═════ Input data

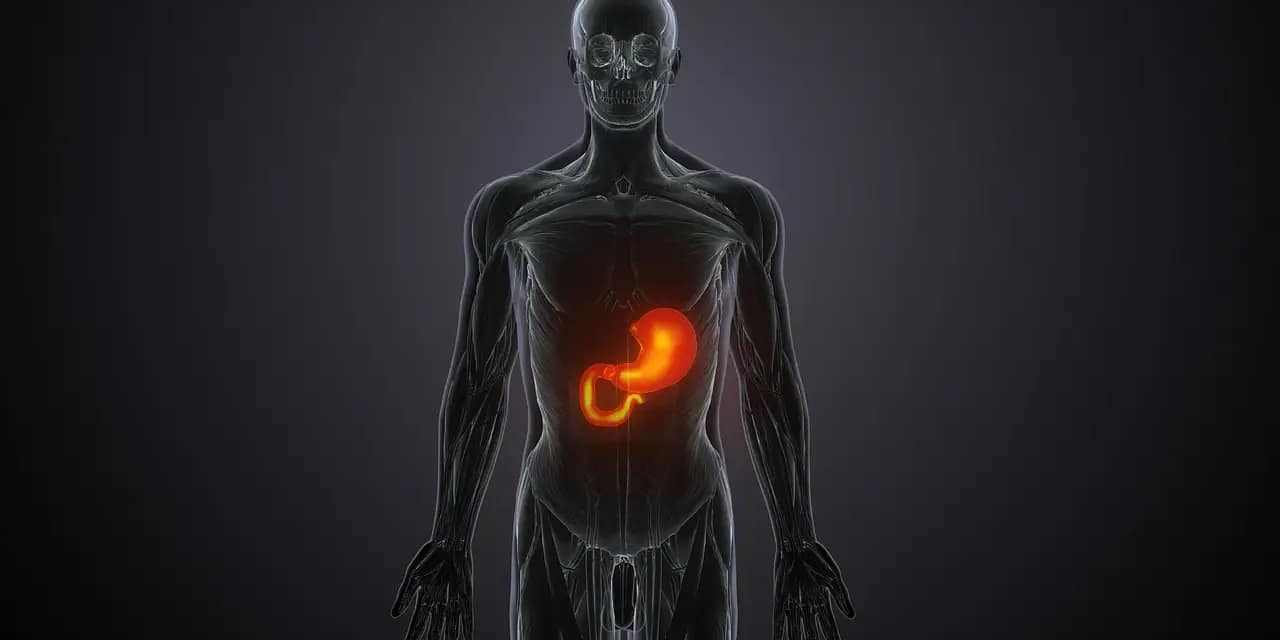 Increase Your Metabolism Lose Weight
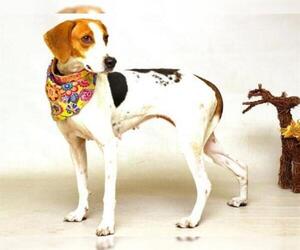 Treeing Walker Coonhound Dogs for adoption in Sanford, FL, USA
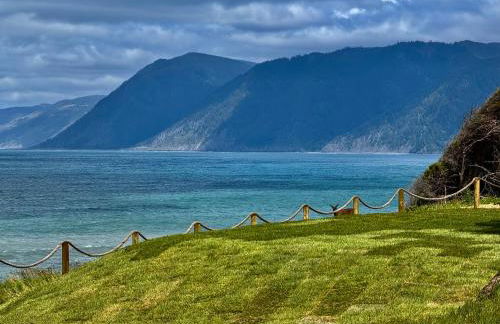 Starfish by OceanviewHotTubs Oceanfront Tesla chrging Shelter Cove Oceanfront - Foto 5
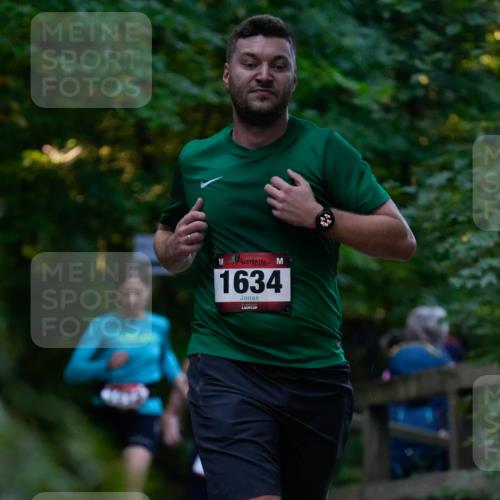 28.09.2025 - 33. Volkslauf durch das schöne Alstertal Patografie http://msf.ph/oto/8965950 28.09.2025 09:13:40 Laufen 1634 meine-sportfotos.de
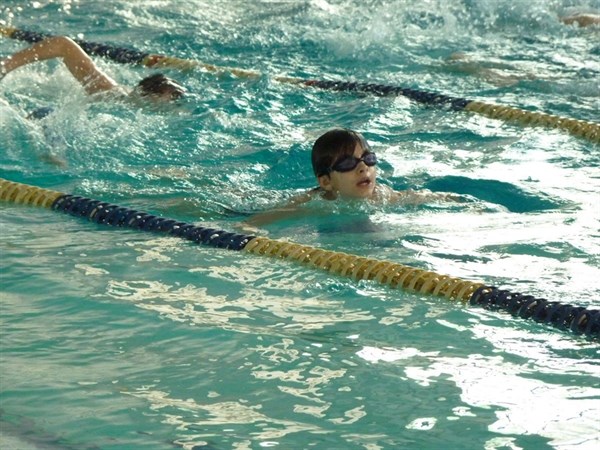 20 лучших пловцов Славянска на соревнованиях отвоевали право бесплатно посещать городской бассейн 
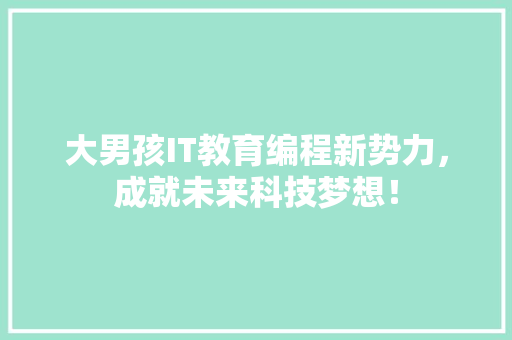 大男孩IT教育编程新势力，成就未来科技梦想！ 必应SEO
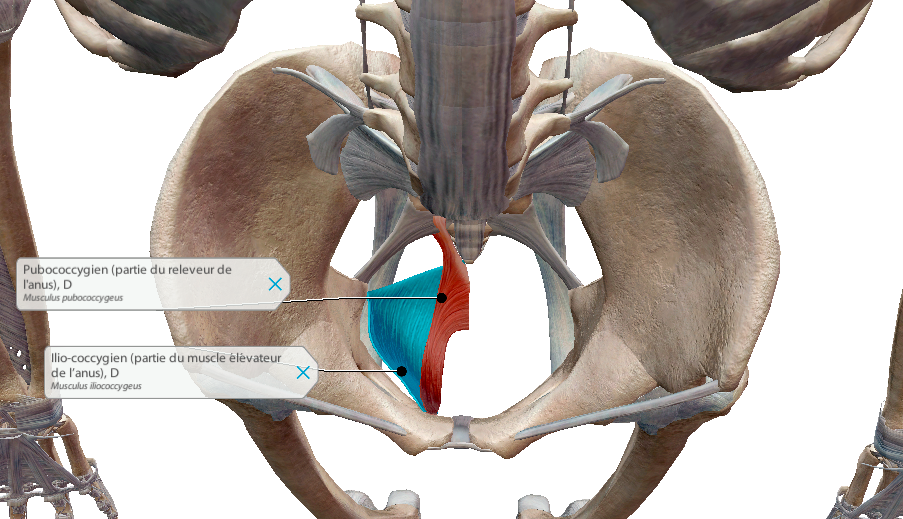 Capture d’écran 2025-04-20 à 18.30.12.png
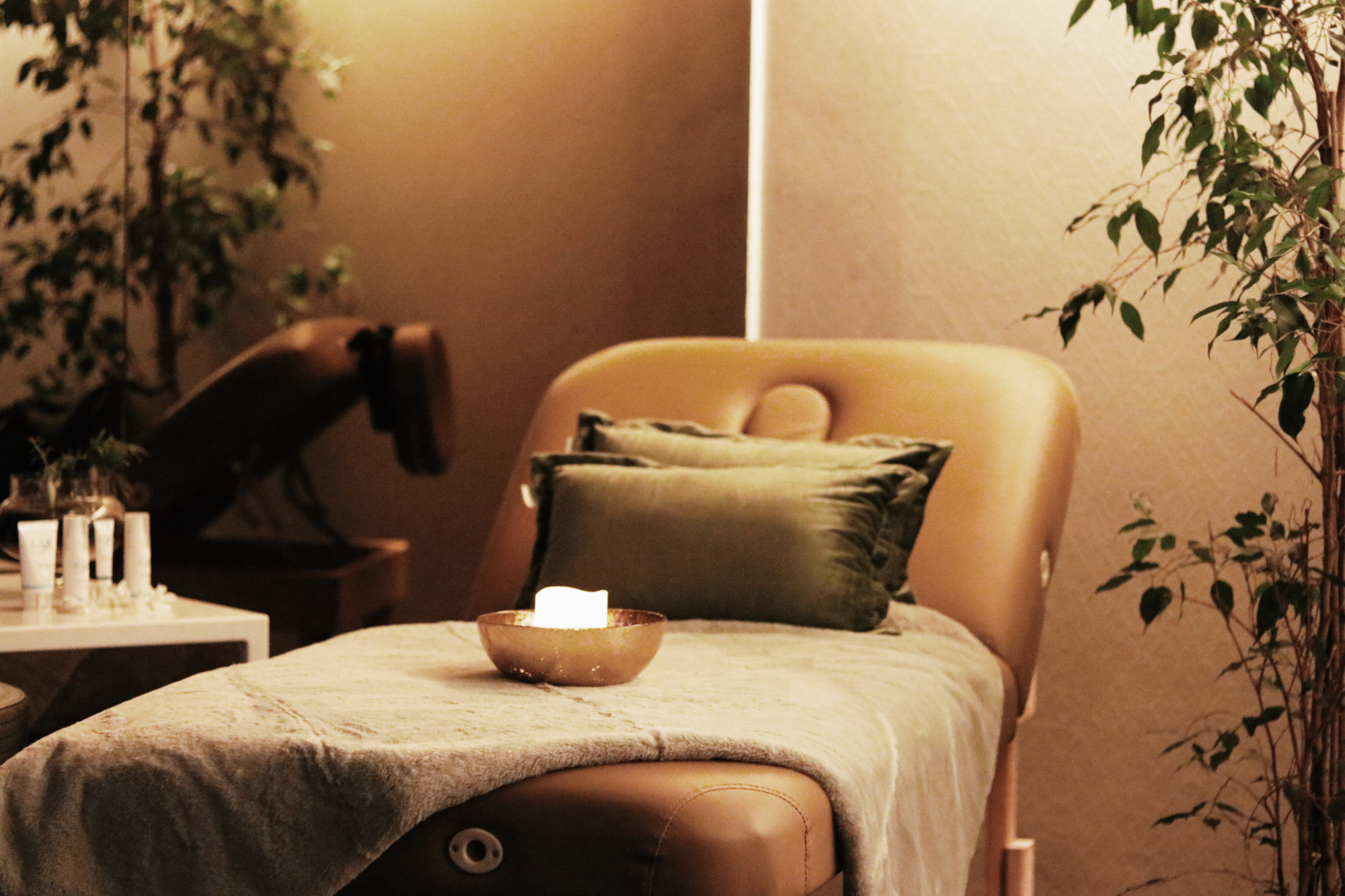 Treatment Bed   The Vincent 1316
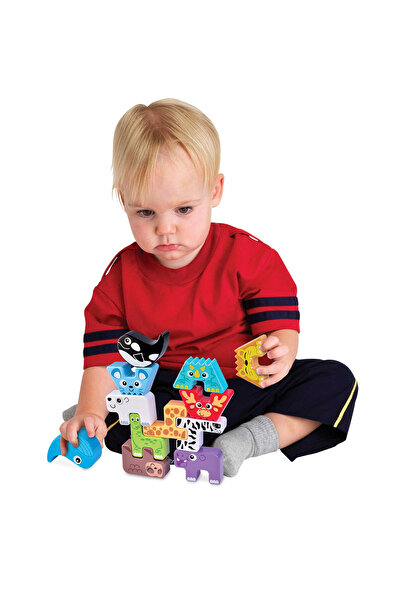 Little Learner Matching Game - Animal Kingdom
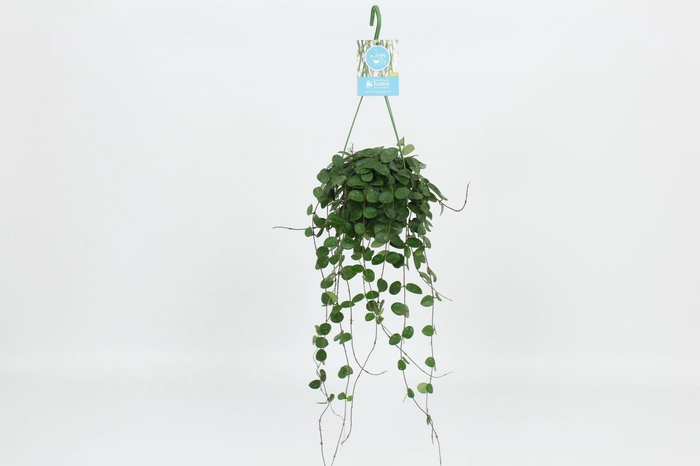 <h4>HangonGreen Hoya Mathilde 14 cm</h4>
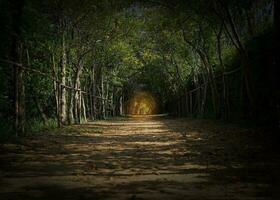 Licht beim das Ende von das Baum Tunnel vergleichen Sie mit das Ausdruck es gibt ein Licht beim das Ende von das Tunnel, welche hat das Bedeutung von ermutigend Das jeder Problem hat ein Lösung. foto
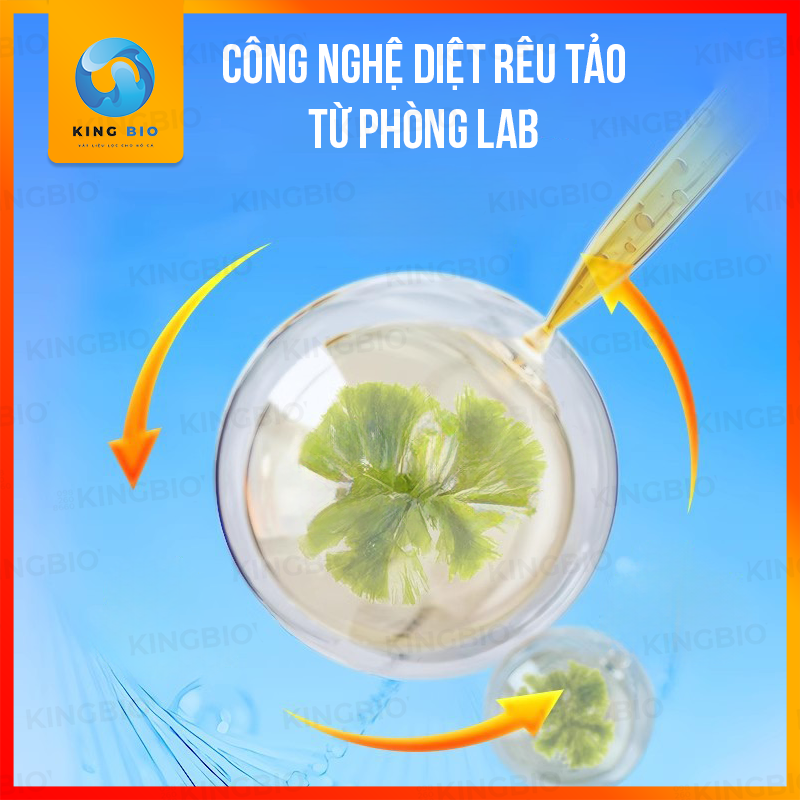 Chế phẩm sinh học diệt rêu tảo Yee Algaecide - diệt rêu tảo bể cá, bể thủy sinh không gây hại cho cá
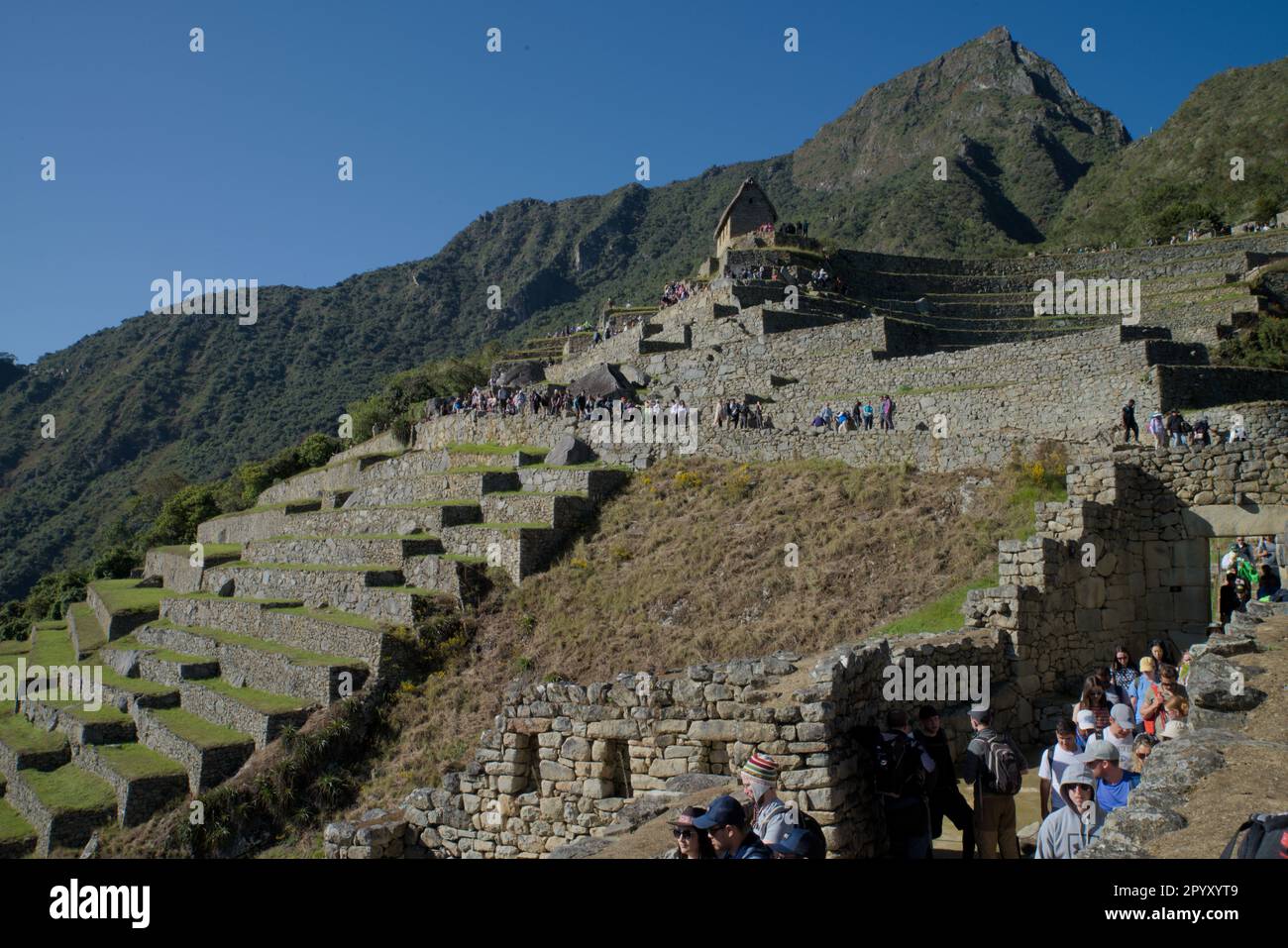 Machu Picchu in Peruvian Andes Stock Photo - Alamy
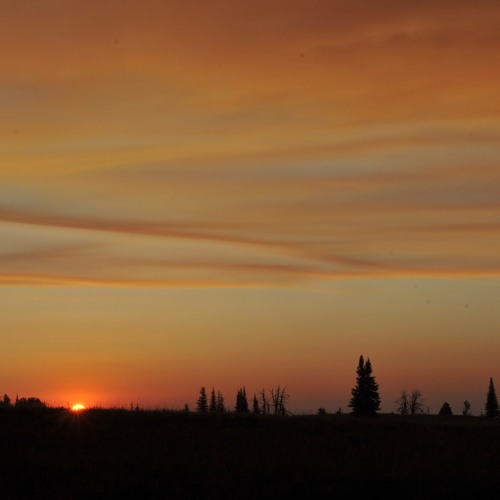 THE CIRCLE IN THE SQUARE no. 11 “Learning to learn. Listening to listening”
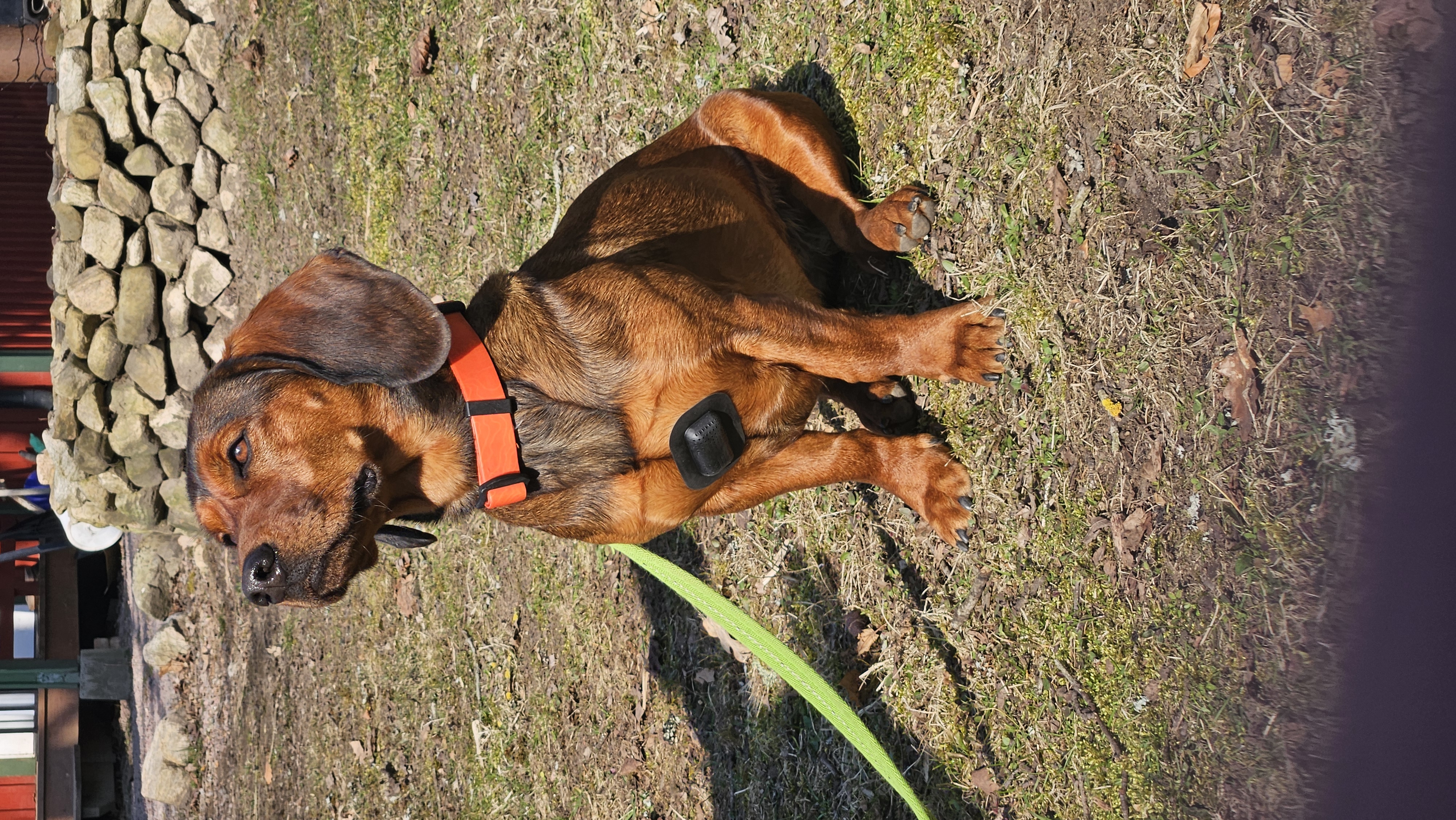 /images/img_fallback.webp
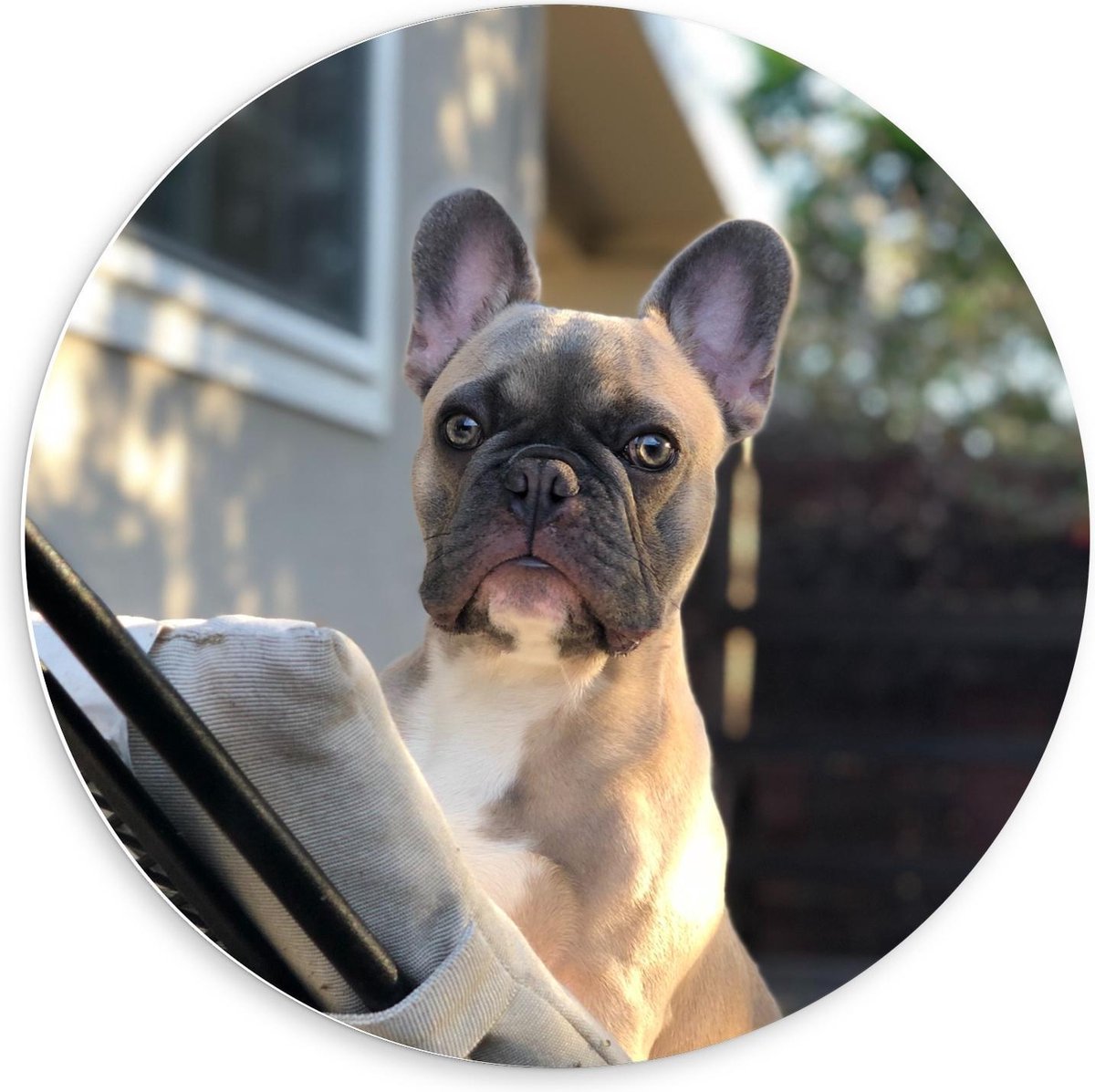 Forex Wandcirkel - Klein Hondje op Tuinstoel  - 60x60cm Foto op Wandcirkel (met ophangsysteem)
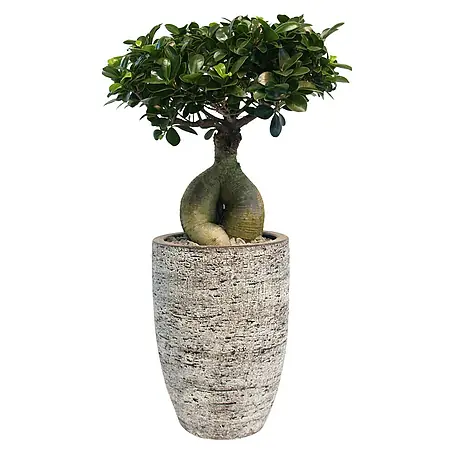 Piardino  Bonsai Ginseng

══════════

Try it
Repeat the records word for word, skipping pictures.

Answer space
 Increase Your Metabolism Lose Weight
 Treeing Walker Coonhound Dogs for adoption in Sanford, FL, USA
 Starfish by OceanviewHotTubs Oceanfront Tesla chrging Shelter Cove Oceanfront - Foto 5
 28.09.2025 - 33. Volkslauf durch das schöne Alstertal Patografie http://msf.ph/oto/8965950 28.09.2025 09:13:40 Laufen 1634 meine-sportfotos.de
 20 лучших пловцов Славянска на соревнованиях отвоевали право бесплатно посещать городской бассейн 
 大男孩IT教育编程新势力，成就未来科技梦想！ 必应SEO
 Capture d’écran 2025-04-20 à 18.30.12.png
 Treatment Bed   The Vincent 1316
 Little Learner Matching Game - Animal Kingdom
 <h4>HangonGreen Hoya Mathilde 14 cm</h4>
 Licht beim das Ende von das Baum Tunnel vergleichen Sie mit das Ausdruck es gibt ein Licht beim das Ende von das Tunnel, welche hat das Bedeutung von ermutigend Das jeder Problem hat ein Lösung. foto
 Chế phẩm sinh học diệt rêu tảo Yee Algaecide - diệt rêu tảo bể cá, bể thủy sinh không gây hại cho cá
 Machu Picchu in Peruvian Andes Stock Photo - Alamy
 THE CIRCLE IN THE SQUARE no. 11 “Learning to learn. Listening to listening”
 /images/img_fallback.webp
 Forex Wandcirkel - Klein Hondje op Tuinstoel  - 60x60cm Foto op Wandcirkel (met ophangsysteem)
 Piardino  Bonsai Ginseng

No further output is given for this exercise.